Martin Robbins has a series at the Guardian right now, titled “Lessons from Africa’s propaganda trail” and the fourth entry is out. It’s the most cynical so far:
Mark recorded a video of the greeting we received, shot moments after our arrival. It shows more than a hundred people dancing and singing for us, giving out hand-made bracelets. A number of them seemed to be under the impression that we were involved with sponsoring the project, and that our visit would help to secure more funding.
The whole scene disturbed me greatly. Jeff and I hung back, reluctant to get involved and sticking close to the vehicles. I turned to him and sarcastically asked: “So, how authentic do you think this is?”
“I think it’s pretty authentic,” he replied. “As a demonstration of the power dynamic between these poor guys trying to get water, and a bunch of rich Westerners, it’s about as authentic as you can get.”
What’s important to realize (and I keep forgetting myself) is that his stated purpose is to show why so many journalists write false stories about Africa, and why there tend to be echo-chamber effects.
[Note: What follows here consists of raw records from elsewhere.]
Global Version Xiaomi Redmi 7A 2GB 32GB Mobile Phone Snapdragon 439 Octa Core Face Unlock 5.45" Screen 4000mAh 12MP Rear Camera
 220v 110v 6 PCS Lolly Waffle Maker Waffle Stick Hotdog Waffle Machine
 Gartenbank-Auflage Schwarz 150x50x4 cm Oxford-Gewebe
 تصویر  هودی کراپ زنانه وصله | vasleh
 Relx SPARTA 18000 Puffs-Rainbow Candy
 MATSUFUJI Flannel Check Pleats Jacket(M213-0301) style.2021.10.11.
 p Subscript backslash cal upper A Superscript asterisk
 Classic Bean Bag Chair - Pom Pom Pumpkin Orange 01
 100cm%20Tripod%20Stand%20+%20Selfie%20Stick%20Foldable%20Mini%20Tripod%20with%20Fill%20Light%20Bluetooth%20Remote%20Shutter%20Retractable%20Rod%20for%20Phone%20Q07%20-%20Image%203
The reason one can forget this is because it sometimes reads as if he actively criticizes the measures that are being implemented but the main story of the posts is supposed to be: “What they tell us is not true and if we just write it up, we spread those untruths.” Robbins so far doesn’t offer solutions but he does point out that what we, removed from the realities on the ground, have been told are solutions might not be.